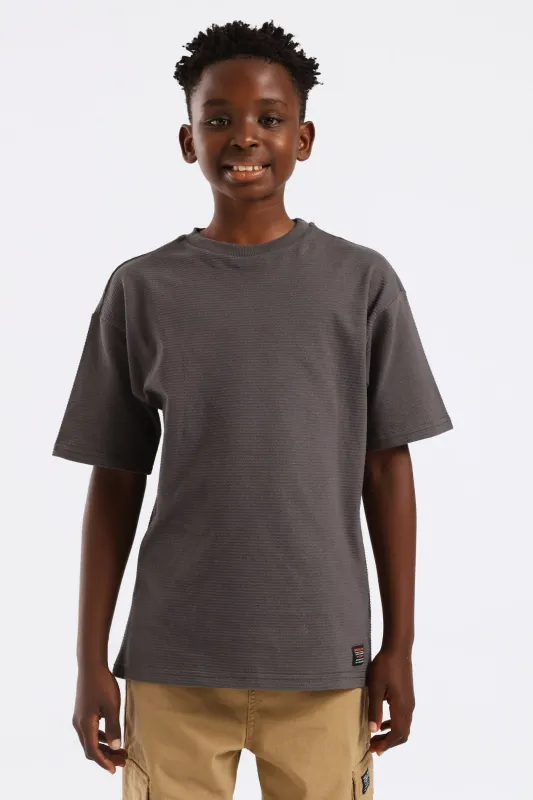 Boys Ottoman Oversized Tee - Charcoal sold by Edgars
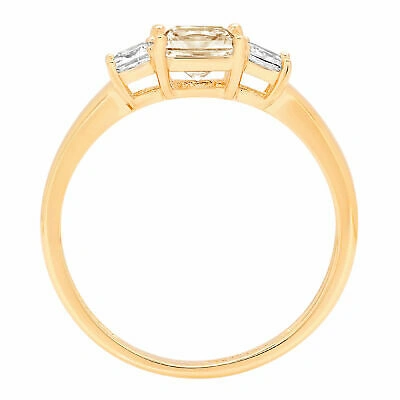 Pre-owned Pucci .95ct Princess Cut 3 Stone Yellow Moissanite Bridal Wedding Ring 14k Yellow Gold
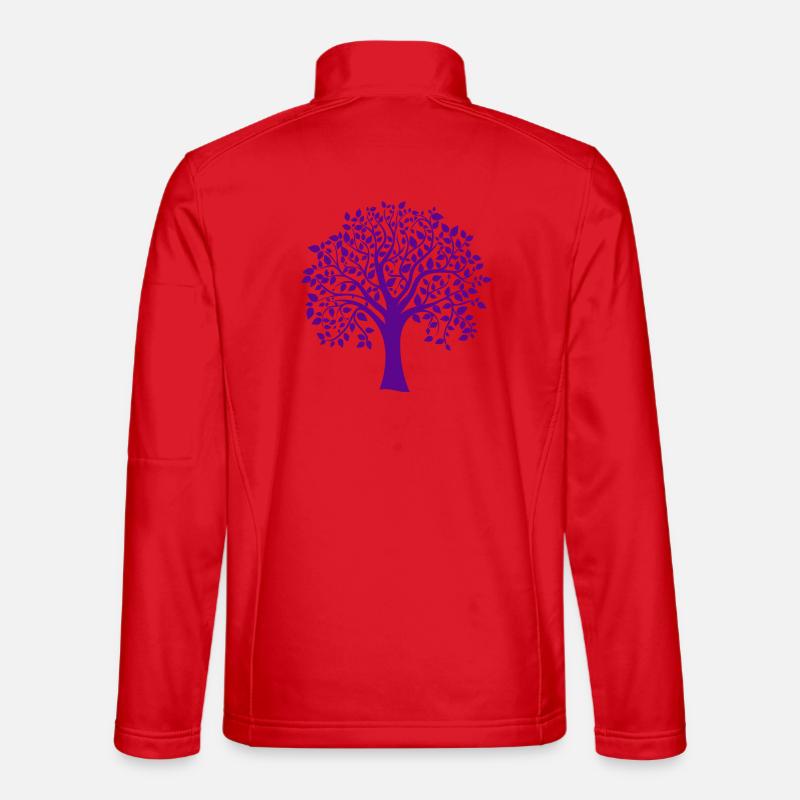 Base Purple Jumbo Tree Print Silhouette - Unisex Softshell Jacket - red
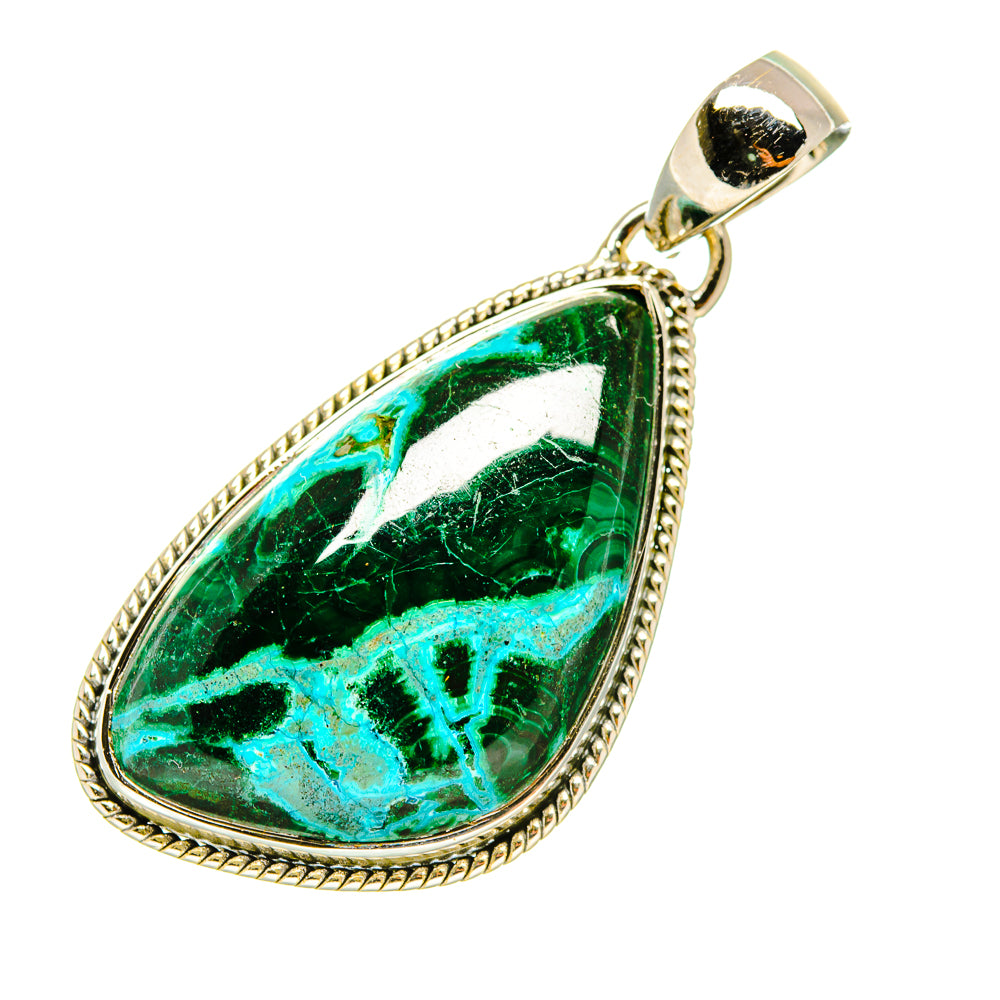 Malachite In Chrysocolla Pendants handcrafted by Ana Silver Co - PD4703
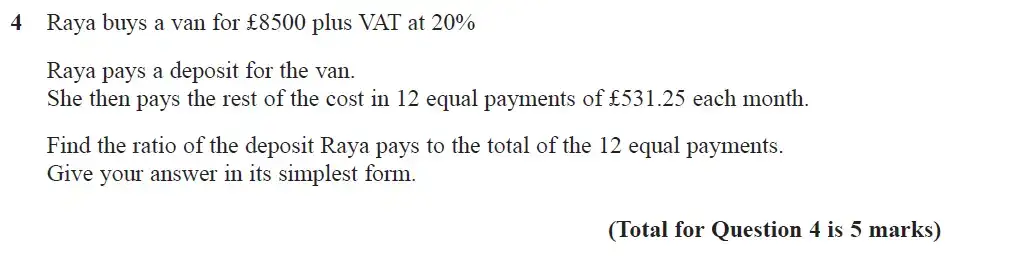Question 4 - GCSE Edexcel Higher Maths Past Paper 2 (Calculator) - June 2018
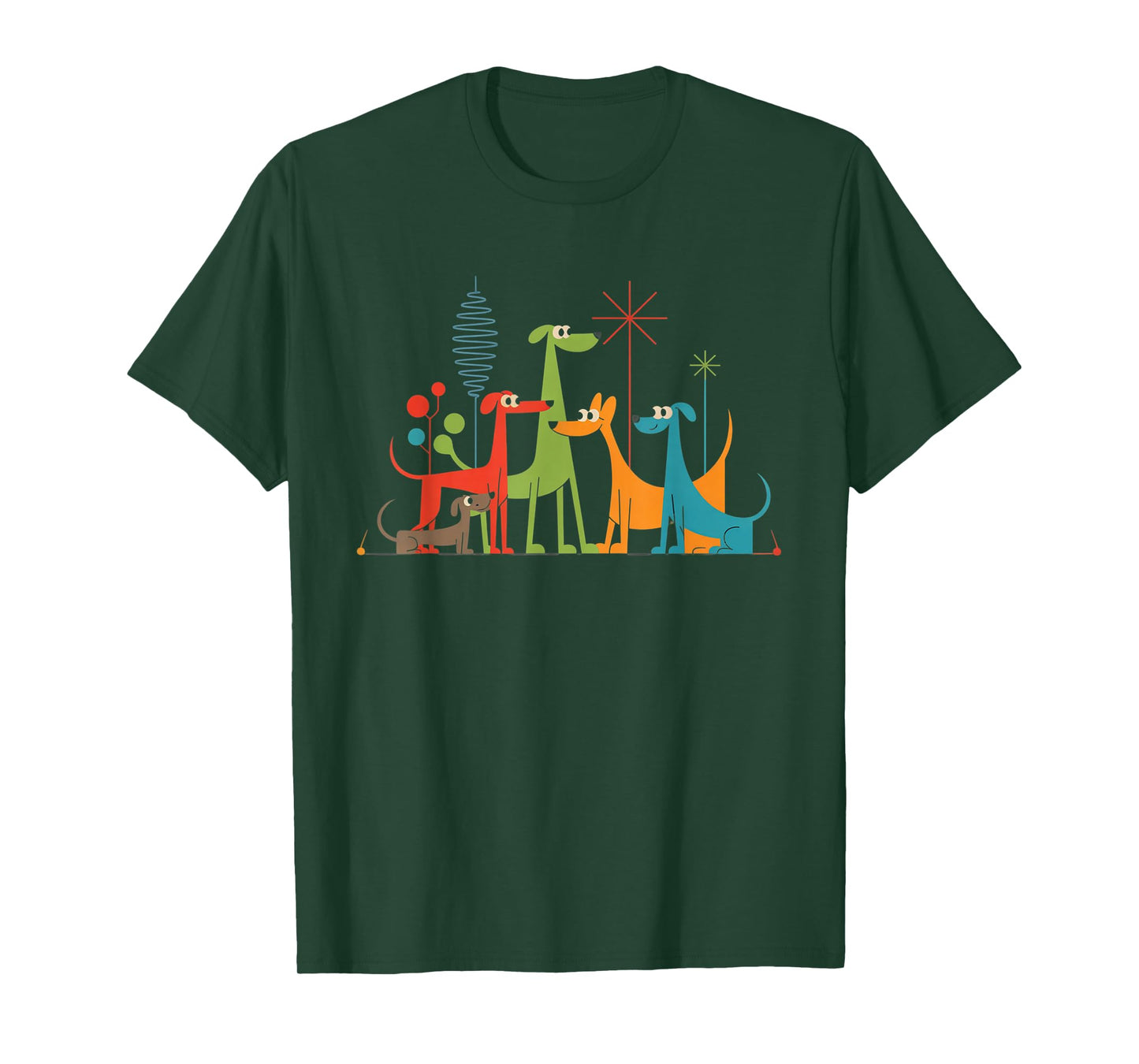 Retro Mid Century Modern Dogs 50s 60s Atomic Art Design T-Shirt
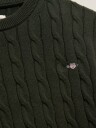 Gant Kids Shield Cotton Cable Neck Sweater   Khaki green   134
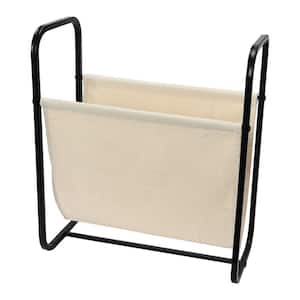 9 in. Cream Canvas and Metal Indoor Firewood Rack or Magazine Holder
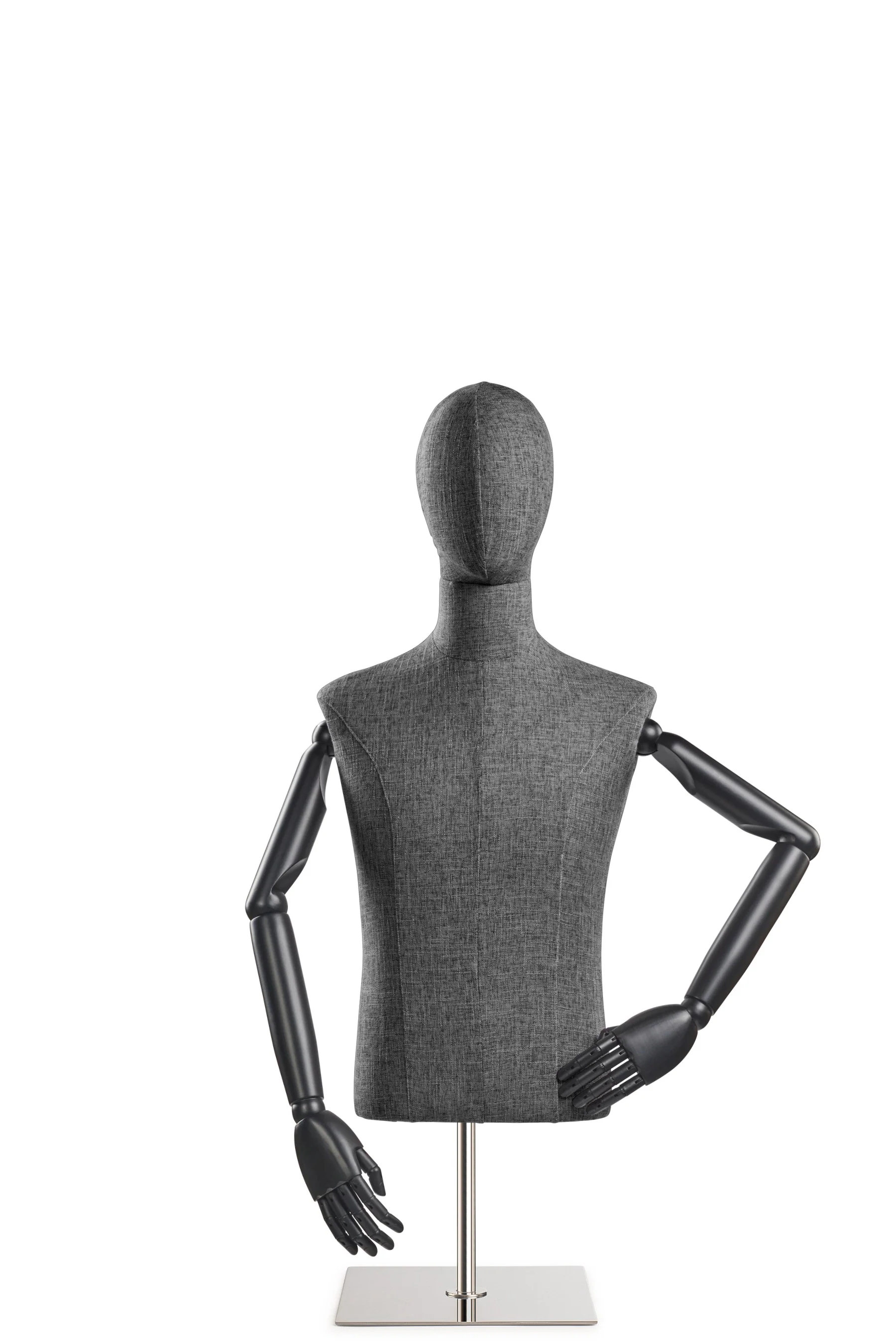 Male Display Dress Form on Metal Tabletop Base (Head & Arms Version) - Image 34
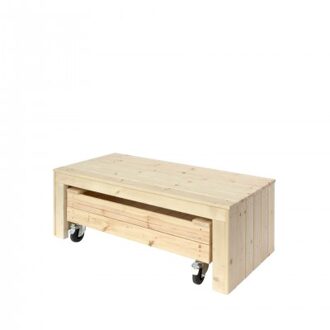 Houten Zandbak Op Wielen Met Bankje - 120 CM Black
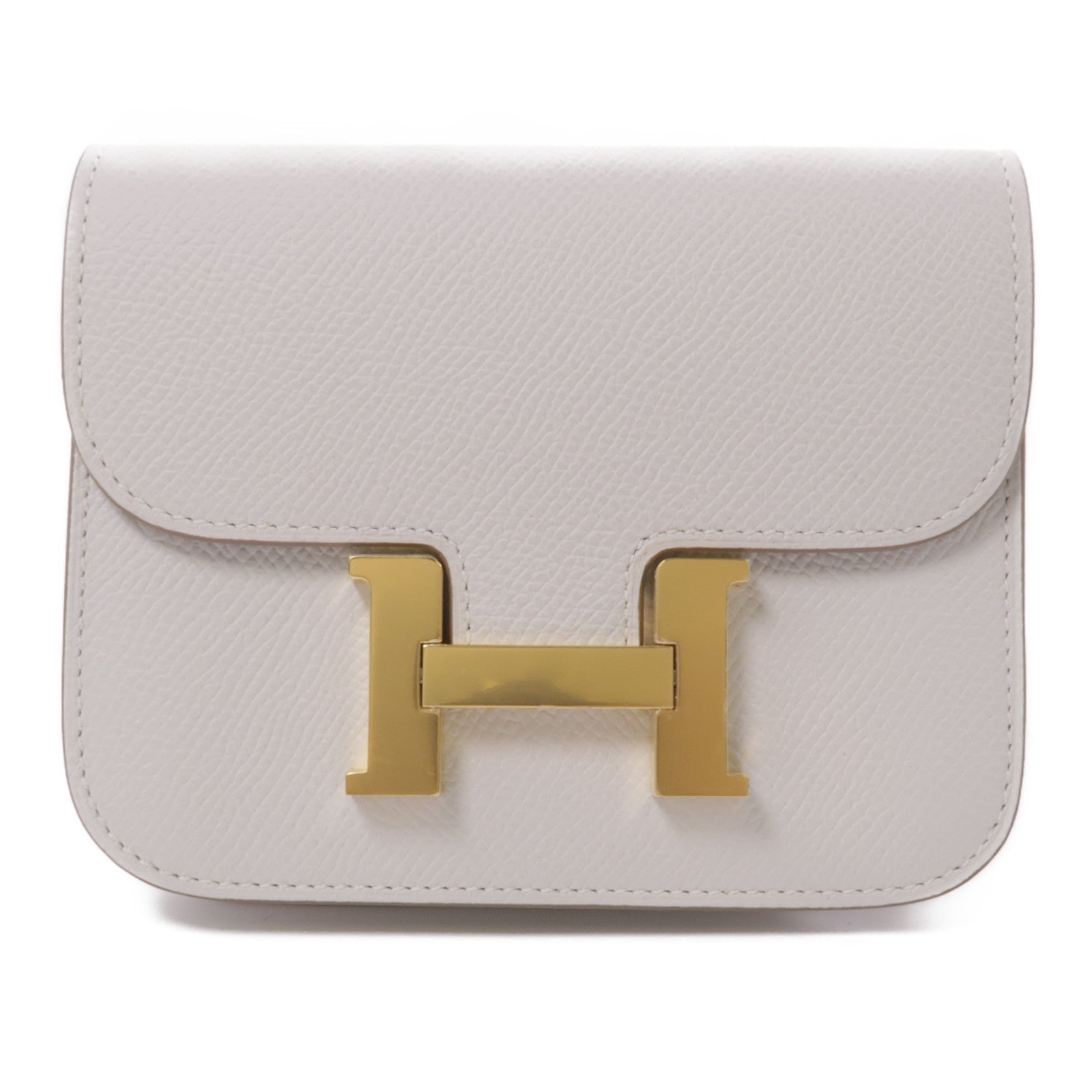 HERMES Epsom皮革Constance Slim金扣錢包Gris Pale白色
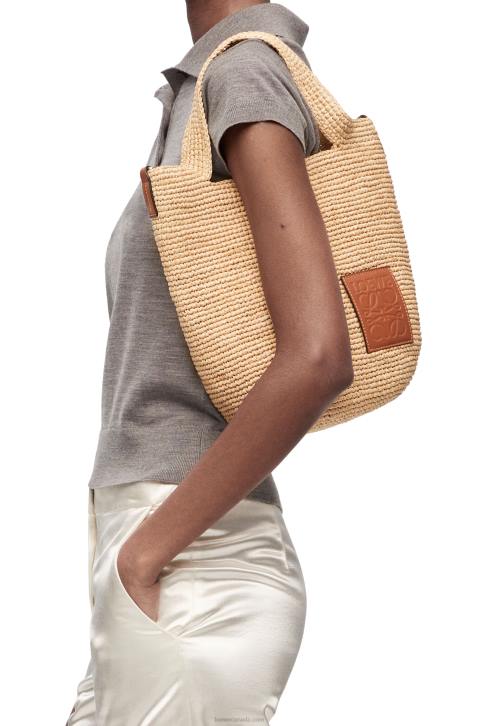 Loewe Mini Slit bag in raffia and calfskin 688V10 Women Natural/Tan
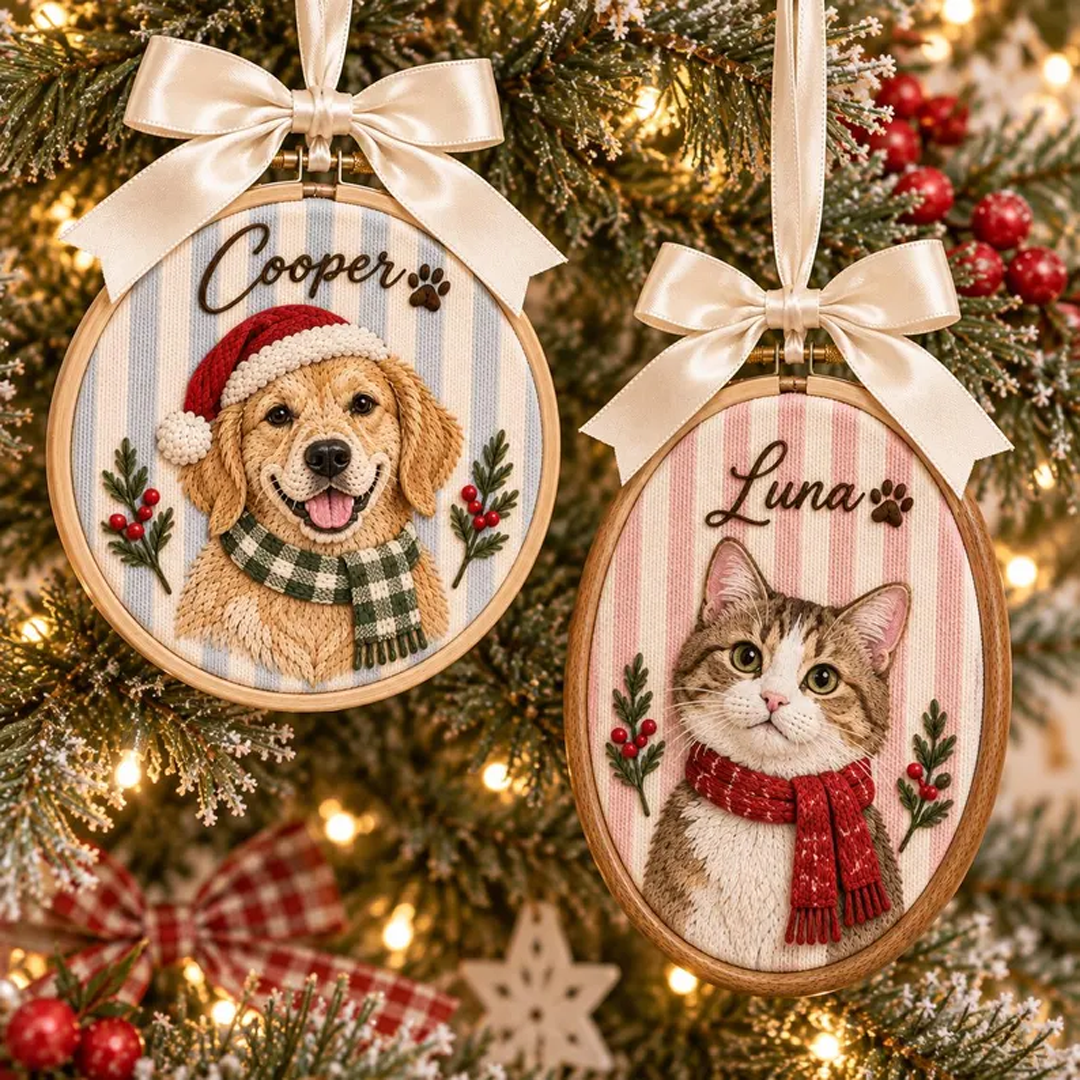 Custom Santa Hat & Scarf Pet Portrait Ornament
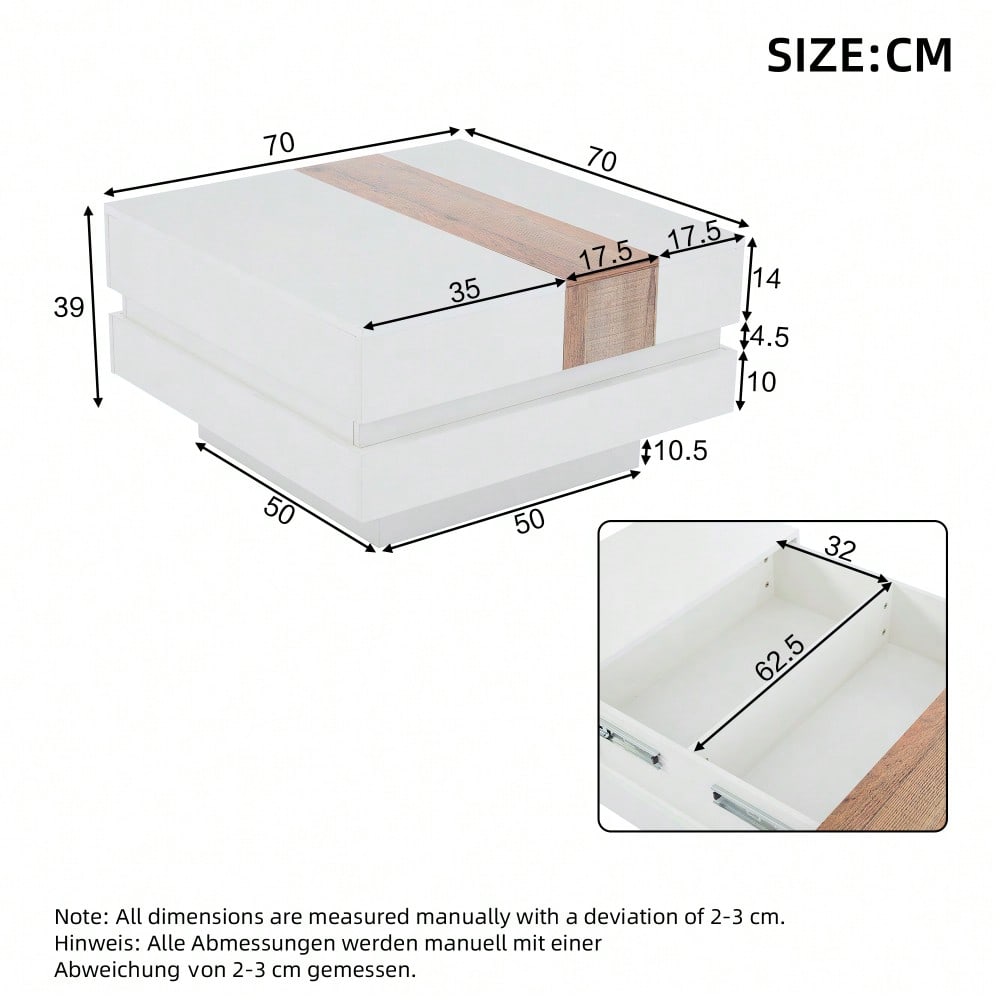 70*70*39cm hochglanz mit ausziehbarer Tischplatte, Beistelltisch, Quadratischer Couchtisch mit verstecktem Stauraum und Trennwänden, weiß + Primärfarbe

========

Directions for this task ▸ Starting at the line that contains "Loewe Mini Slit", please write out each line through the last line of the data, both ends included, and keep pictures out of the copy.

Solution to this exercise ▸
 Loewe Mini Slit bag in raffia and calfskin 688V10 Women Natural/Tan
 Custom Santa Hat & Scarf Pet Portrait Ornament
 70*70*39cm hochglanz mit ausziehbarer Tischplatte, Beistelltisch, Quadratischer Couchtisch mit verstecktem Stauraum und Trennwänden, weiß + Primärfarbe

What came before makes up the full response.